Le métier de développeur est majoritairement pratiqué par des hommes, ce qui est dommage. C’est un métier scientifique qui n’a en soi rien de plus masculin qu’un autre. Il était d’ailleurs considéré comme un métier de femmes aux débuts de l’informatique avant que la tendance ne s’inverse dans les années 1980. À présent, des organisations telles que Women who Code ou Google avec l’initiative Made with Code tentent de rééquilibrer la balance via des campagnes d’information. La sensibilisation à l’informatique auprès des filles et garçons doit commencer dès le plus jeune âge, afin de combattre efficacement les préjugés.
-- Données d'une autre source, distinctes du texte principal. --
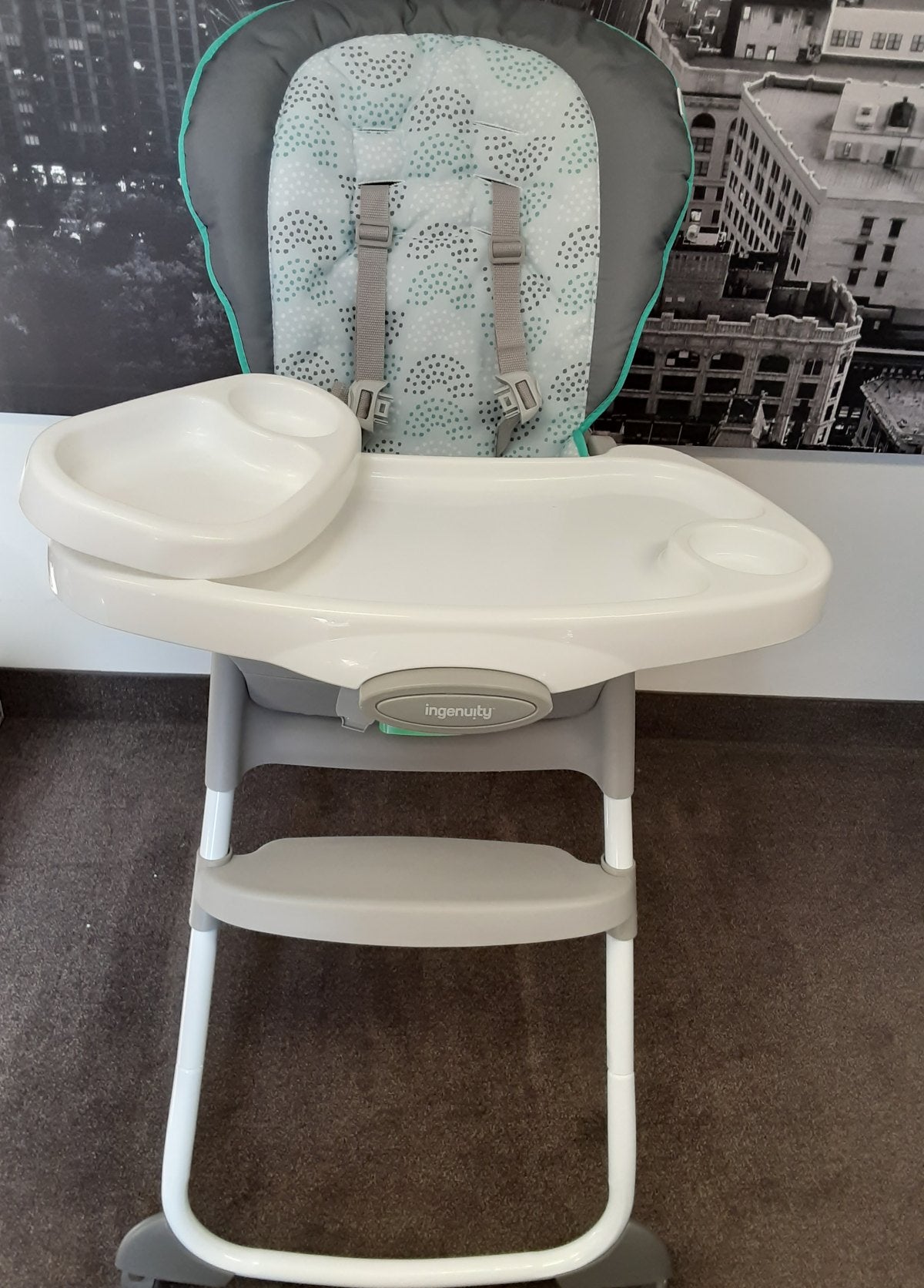 Ingenuity Full Course 6-in-1 High Chair - Baby to 5 Years Old, 6 Convertible Modes, 2 Dishwasher Safe Trays - Astro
À cet égard, je félicite CoderDojo, un club d’informatique bénévole qui initie les jeunes dans le monde entier à la programmation, dont l’antenne belge majoritairement néerlandophone remporte un franc succès.
Comme pour la plupart des métiers, le plus important est d’être passionné(e). Il n’y a rien de plus satisfaisant que de voir son application prendre vie sur un smartphone. C’est en quelque sorte un travail de création, qui a donc une composante artistique. Cela vous tente et vous pensez avoir les qualités requises ? Lancez-vous ! Votre imagination est la seule limite.